The Ten Duplicates.

Select any twenty cards; let any person shuffle them; lay them by pairs on the board, without looking at them. You next desire several persons, (as many persons as there are pairs on the table,) each to look at different pairs and remember what cards compose them. You then take up all the cards in the order they lay, and replace them with their faces uppermost on the table, according to the order of the letters in the following words:

M U T U S
1 2 3 4 5
D E D I T
6 7 8 9 10
N O M E N
11 12 13 14 15
C O C I S
16 17 18 19 20

(These words convey no meaning.)—You will observe, that they contain ten letters repeated, or two of each sort. You therefore ask each person which row or rows the cards he looked at are in; if he say the first, you know they must be the second and fourth, there being two letters of a sort (two U's) in that row; if he say the second and fourth, they must be the ninth and nineteenth, (two I's,) and so of the rest. This amusement, which is very simple, and requires very little practice, will be found to excite, in those who are unacquainted with the key, the greatest astonishment.

The readiest way is to have a fac-simile of the key drawn on a card, to which you refer.

To tell how many Cards a Person takes out of a Pack, and to specify each Card.
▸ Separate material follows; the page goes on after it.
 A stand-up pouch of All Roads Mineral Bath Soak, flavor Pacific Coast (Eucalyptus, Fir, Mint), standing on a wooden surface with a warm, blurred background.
To perform this, you must so dispose a PIQUET pack of cards, that you can easily remember the order in which they are placed. Suppose, for instance, they are placed according to the words in the following line,

Seven Aces, Eight Kings, Nine Queens, and Ten Knaves;

and that every card be of a different suite, following each other in this order: spades, clubs, hearts, and diamonds. Then the eight first cards will be the seven of spades, ace of clubs, eight of hearts, king of diamonds, nine of spades, queen of clubs, ten of hearts, and knave of diamonds, and so of the rest.